When studying the internals of Postgres years ago, I learned that pages could greatly affect the disk space required to hold a table. If the page size was 8192 bytes (the default) and if the schema defined each row as holding 4097 bytes, then two rows would not fit within a single page. This would cause every row to be within its own page and would waste almost half of the space.
Only slightly related, but the biggest increase in space I saw was after transitioning my 1.8 TB Postgres database to ZFS, which has compression turned on by default. Afterwards, the size needed was 310 GB, with no noticeable loss in speed.
Yes. This is likely not the typical workload. Our PG database is only used in research, in "burst" situations - e.g. big batch jobs written to the DB (2 days 400 Million tuples) and read in big chunks (e.g. 400 Million tuples exported in 2 hours to CSV/Postgres FDW). ZFS is on spinning Rust (Sata 6GB), 6x8TB drives in a Raidz2 pool, the ZFS dataset is both compressed and encrypted. In Proxmox, I do not see I/O in any way limited during these burst writes/reads, the bottleneck is the CPU. However, the CPU was the bottleneck also before ZFS, so I cannot say how much impact the compression/encryption has. Other ZFS parameters are default (eg. filesystem recordsize is 128KB - lower values will yield better read speed, but less compression, and we were aiming for a lot of compression).
Likely no impact, but we use Postgres in Docker on unprivileged LXC, the `/data` directory is mounted from the LXC from the host ZFS pool. Since LXC runs all processes on the host, the performance impact is negligible (unlike, e.g. running this in a full VM).
I have the _feeling_ (not actually tested) that the Postgres database is faster with ZFS, since less data needs to be read, especially since we have a lot of sequential scans.
> LZ4 is lossless compression algorithm, providing compression speed > 500 MB/s per core (>0.15 Bytes/cycle). It features an extremely fast decoder, with speed in multiple GB/s per core (~1 Byte/cycle).
What you are describing is called "internal fragmentation" and it's always a problem at some level in any system.
There are tons of ways to mitigate the problem including variable-length data, out-of-line storage, and compression. Postgres does those things, but I suppose there's always room to improve.
Best to just see how much storage a given table uses, and see if it's a problem.
I think it is true for every row-oriented database that stores all the values for a single row together within a fixed-sized structure. Columnar stores on the other hand may or may not do this.
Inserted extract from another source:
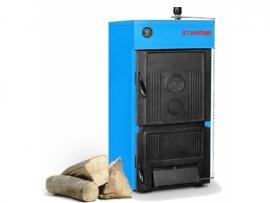 Cazan fonta combustibil solid STARMAX 26.5 kW - Pret | Preturi Cazan fonta combustibil solid STARMAX 26.5 kW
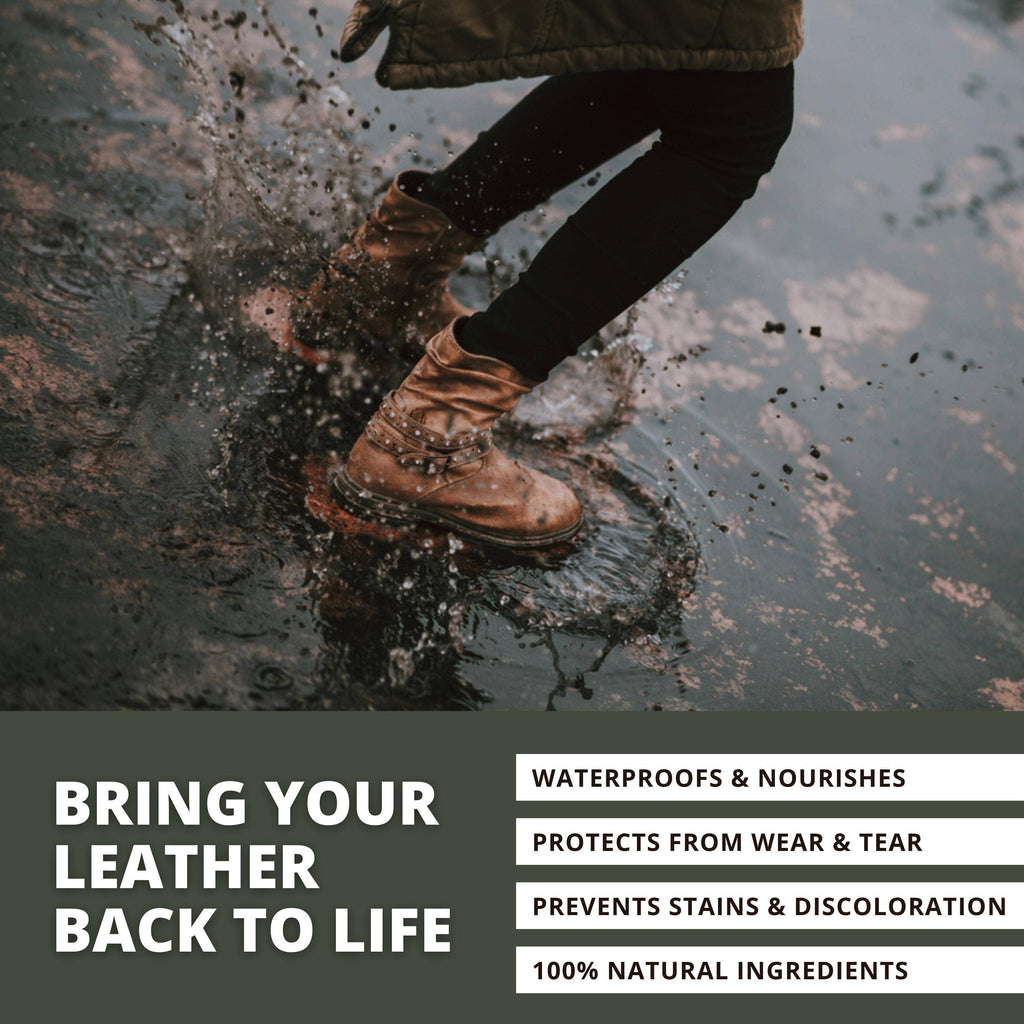 Rhino Wax - Leather Waterproofer - 2oz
I have built a database engine that is a columnar store. All the values for each column are stored together. This requires just about every query to fetch each row value separately, but it has proven to be incredibly fast. Queries on big tables run several times faster than on Postgres and it is also about 5x faster than on SQLite. https://www.youtube.com/watch?v=Va5ZqfwQXWI
Mine is not. If a table has 4 columns (e.g. name, address, phone, email), then all the names are stored separately from the addresses. Likewise all the phone numbers are stored separately from the emails. The data is de-duped so it is incredibly easy to find out how many of each value is in each column (e.g. there are 1,234,567 rows in the table where name = 'John').
The downside is that projecting a row requires random I/O across a larger number of pages, which also means more evictions from the in-memory buffer and worse cache efficiency. Apache Arrow, Parquet, Redshift, Bigtable/Spanner, Snowflake are all hybrid columnar, for example. You get good row data locality while still being able to exploit SIMD/vectorized ops.
Yeah it's probably still true. It's also true of other DBs; There is usually a certain amount of overhead per-row on the page, or per-row.
So yeah, you have to either shrink to a size acceptable within padding, or pick a more appropriate page size, or play with some TOAST settings in the case of PG.
I was confused by the author's definition of a relation. They said that a single tuple is an "unary relation". They probably meant a single-tuple (1-tuple).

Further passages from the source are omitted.